José García de 82 años sentado a las afueras de la iglesia de San Nicolás. Barranquilla

Con su apático rostro volteó a la izquierda para ver a un vendedor de medias que atravesaba la plaza de punta a punta con su negocio andante. Lento y sin garbo, se levantó como si le pesara el cuerpo y  caminó hasta donde ese comerciante que nunca se detuvo a atenderlo. Media vuelta y el anciano quedó sin rumbo, de nuevo, mirando hacia dirección contraria. Ahí estaba yo, pidiéndole con mi mano que se acercara y él, con cierta incertidumbre, accediendo a mi petición. 

  • ¿Qué iba a hacer donde el vendedor? -pregunté-
  • Pues… le iba a comprar unas medias, pero al parecer pensó que no.

Con 82 años, seis hijos, una cónyuge y una orientación política conservadora, José García suele andar por las calles aledañas a la iglesia para pasar sus ratos de soledad. A los dieciocho años y en tercer semestre de derecho, García decidió cambiar los libros por las armas. 

Un 7 de diciembre de 1956 lo embarcaron en un avión Douglas que a Ibagué fue a parar. “Me fui por rebeldía, por llevarle la contraria a mi madre. Ni ella ni mi padre estaban de acuerdo con que me entregara al ejército. Un año después de estar allá adentro mi madre murió y nunca más la volví a ver”, expresó José. 

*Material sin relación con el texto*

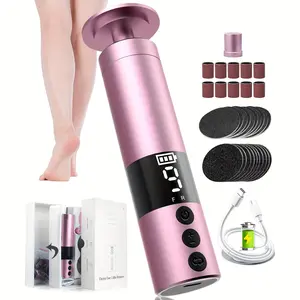 Electric Foot Remover, 2-in-1 Rechargeable Professional Electric Foot File & Nail Grinder, 6 Adjustable Speeds, Foot Scrubber with Sandpaper Disc for Dead Light Beige & - Pink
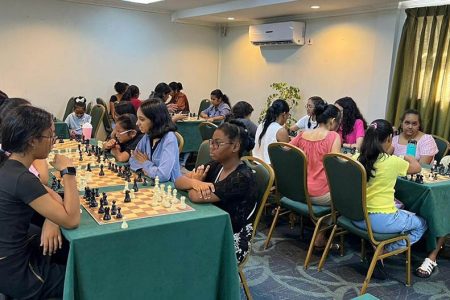 Scenes from the matches held at the Girl’s and Women’s Chess Camp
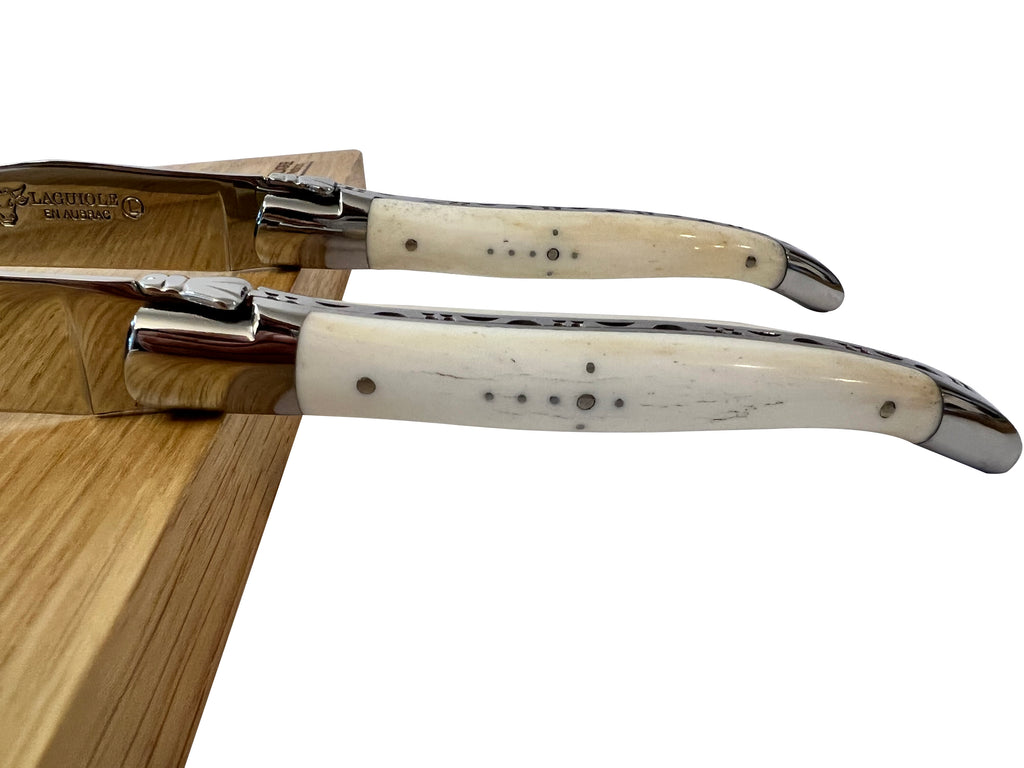 Laguiole en Aubrac Handcrafted Plated 2-Piece Steak Knife Set with Zebu Bone Handles - LaguioleEnAubracShop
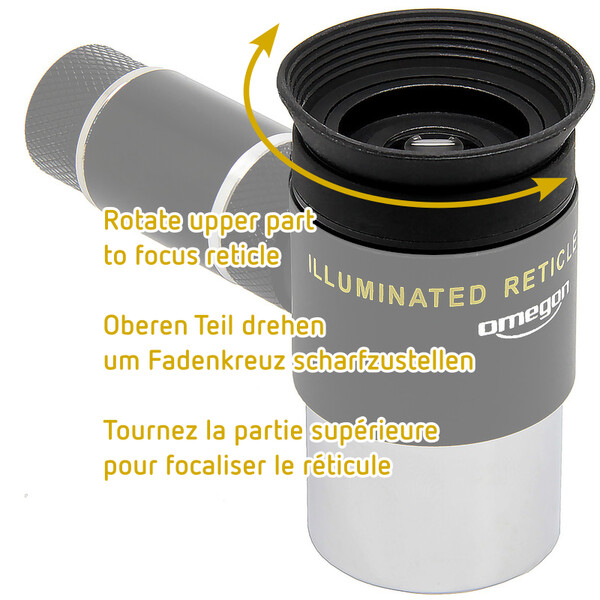 Omegon Ocular cu reticul iluminat 12mm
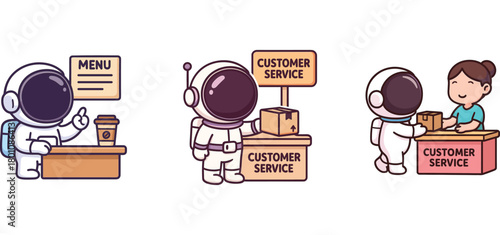 astronaut characters reading signs and doing small tasks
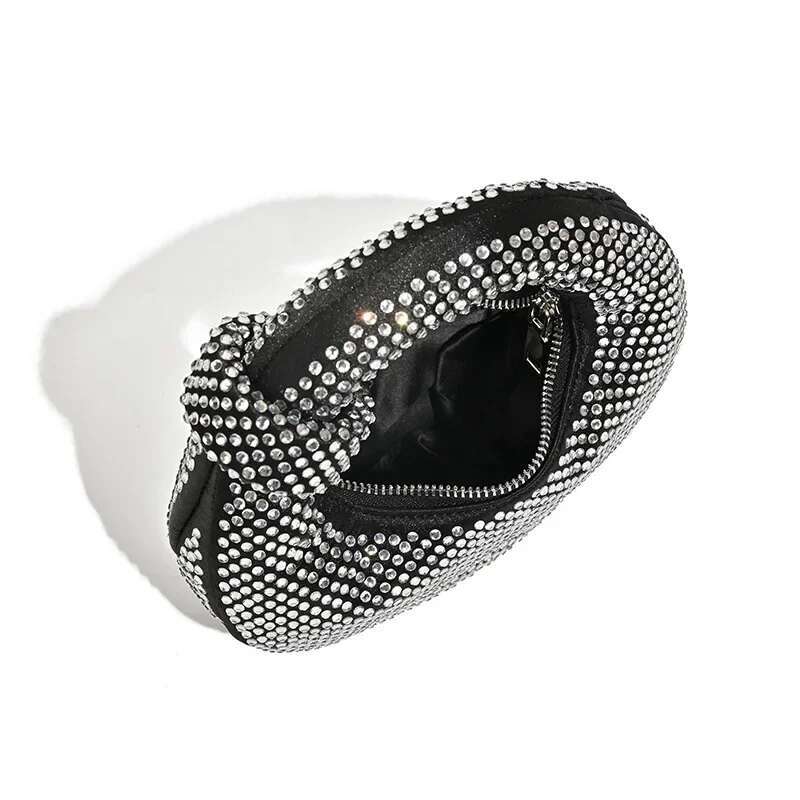 Elegant Socialite Style Women's Acrylic Dia Crescent Bag Pearl Clutch For Banquets Crossbody Handbag Sequins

Con tristeza, decepción y desesperanza, hoy divaga por el Centro Histórico de la ciudad cargando en su memoria los recuerdos de varias masacres y el infortunio de pertenecer a una familia disfuncional.  Aunque la muerte parezca ser la solución a su desdicha, José direcciona su vejez bajo la idea pesimista de que “dura más uno muerto que vivo, entonces vivamos la vida, qué más da”.  

Cae la noche lentamente. La multitud se apacigua mientras los almacenes bajan sus esteras. Algunos perros se echan bajo cualquier viejo techo y el flujo de los carros se detiene por completo. José se levanta, me extiende su mano y me dice que fue un placer haberme conocido, que si lo llego a ver otro día dando vueltas por cualquier lugar, lo salude. Me quedo sentada mientras veo cómo su figura desaparece en el fondo de algún callejón con destino incierto. 

Al otro lado de la calle, unas cuadras más arriba, Rosario también abandona su morada. Se levanta con ayuda del bastón, recoge sus pertenencias y camina con su esposo hasta el corredor de la casa donde le dan albergue por las noches. Javier la despide, agarra el bus y parte a su hogar. Rosario queda allí, sola. Esperando que pase la noche y se hagan las seis de la mañana para volver a ser la sonriente bajo la ceiba que le alegra el día a caminantes infelices como José.